What Are Degrees of Freedom — Why We Divide by n-1 to Estimate Variance

2024.09.30 ·#statistics #degrees-of-freedom #variance #population-variance #estimation

Let's organize population-variance estimation and degrees of freedom in parametric statistics. What you'll understand after reading:

The concept of degrees of freedom

Why the population-variance estimator divides by n-1 - Underestimation view: to correct bias - Degrees-of-freedom view: the essential meaning of variance

Body

$$s^2 = \dfrac{1}{n-1}\sum_{i=1}^{n}(x_i - \bar{x})^2$$ Eq. 1. Sample variance estimate

$$\sigma^2 = \dfrac{1}{N}\sum_{i=1}^{N}(x_i - \mu)^2$$ Eq. 2. Population variance

Variance/standard deviation is intuitively interpreted as follows.

0) To express the degree of uncertainty — quantifying how the same trial yields different results due to uncertainty
1) The average distance of each data point from the mean — expressing how far the data lie from the mean, as distance
2) Precision/explanatory power regarding the sample mean

Before the intuition that variance is an "average of distances," remember it's a basic statistic for quantifying uncertainty.

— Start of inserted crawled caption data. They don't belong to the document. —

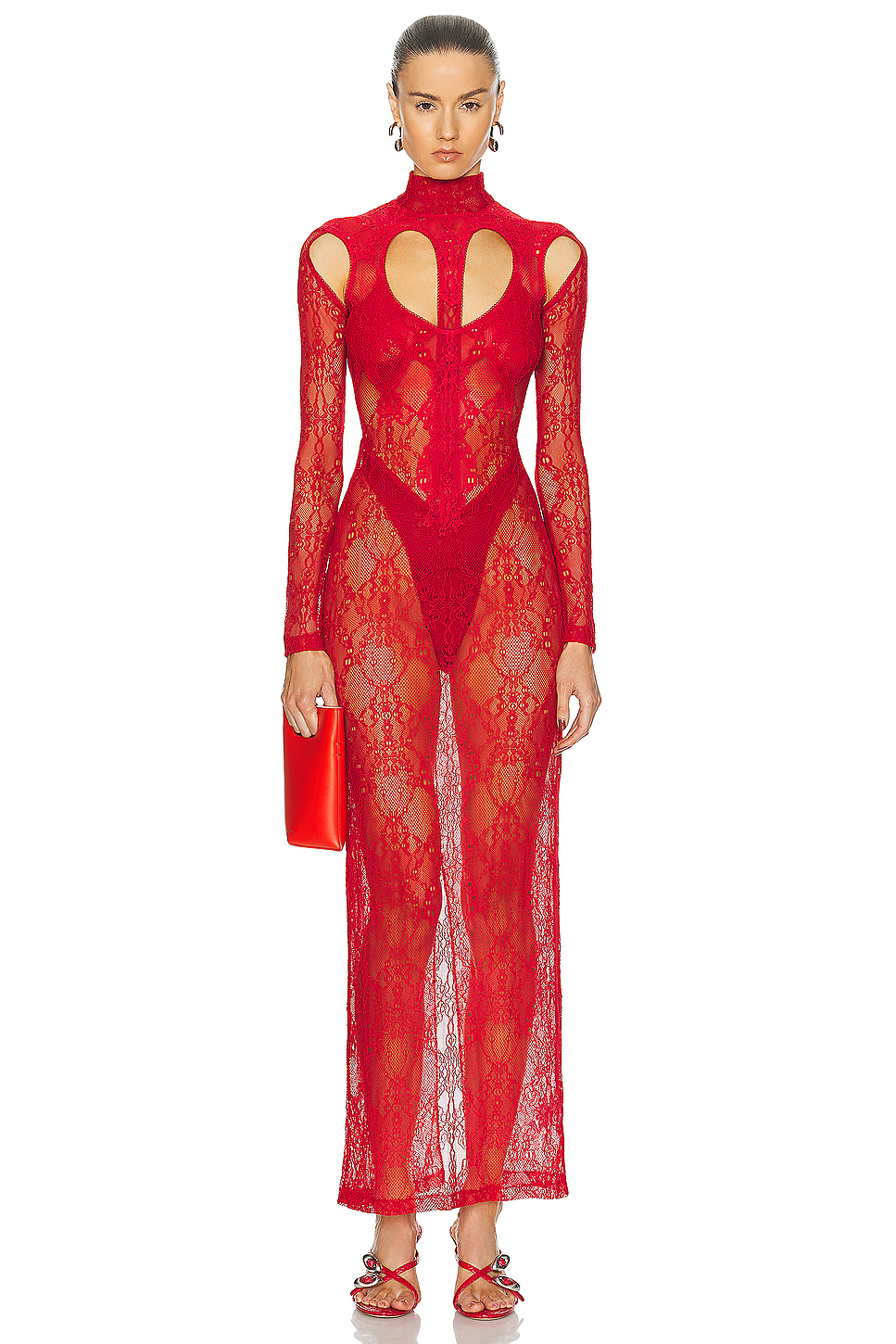 Image 1 of Dion Lee Heart Loop Lace Dress in Dark Red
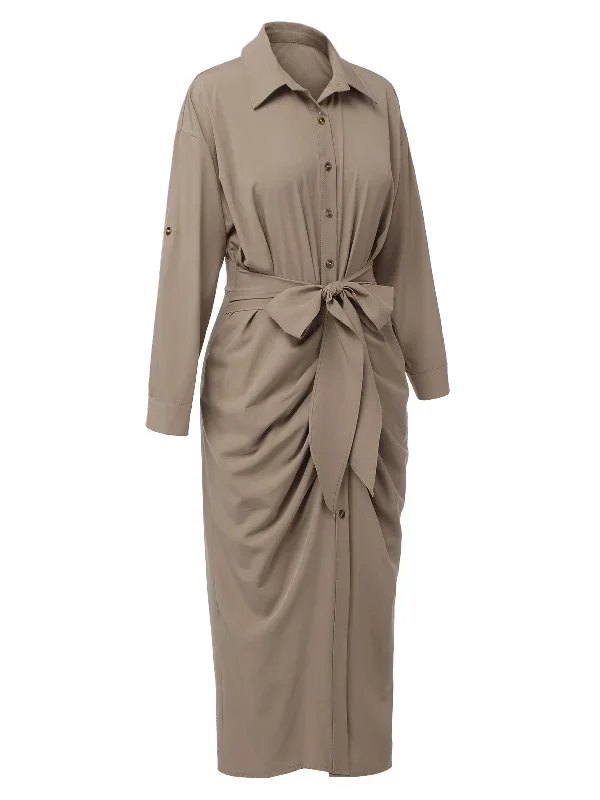 khaki-1960s-solid-fold-pleated-lapel-dress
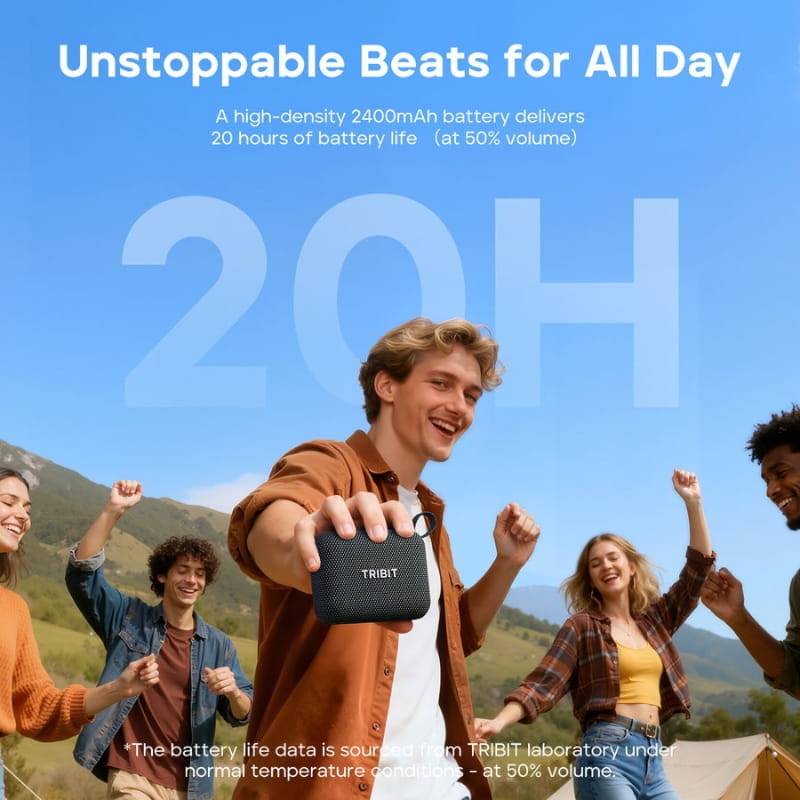 Tribit Pocket Go 7W Noir, mini enceinte compacte noire avec dragonne, grille texturée et logo Tribit, design portable pour usage extérieur et fêtes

For detailed background, see the related post "Uncertainty, Variability & Variance."

1. Why divide by n-1?

Deviation/variance is physically a distance concept, yet the sample-variance estimate divides by $n-1$, not $n$. Why?

Answer) If you only wanted the distance of the sample's own data from its mean, dividing by $n$ would be right. But this formula is an estimator that estimates the population from a sample. What matters is how well it estimates the parameter, not the sample's own statistic.

2. What's wrong with dividing by n?

Answer) It produces a biased estimate — specifically an underestimate. That is, it estimates smaller than the true population variance.

3. Why does underestimation happen?

Sampling from a population — denser intervals are reflected more Figure 1. Sampling from a population

Since the high-density "Interval 1" region in the population is sampled more often, the sampled distribution reflects the dense region more and becomes denser than the population. As a result, computing variance by dividing the sample directly by $n$ leads to underestimation. So we divide by $n-1$ to correct it.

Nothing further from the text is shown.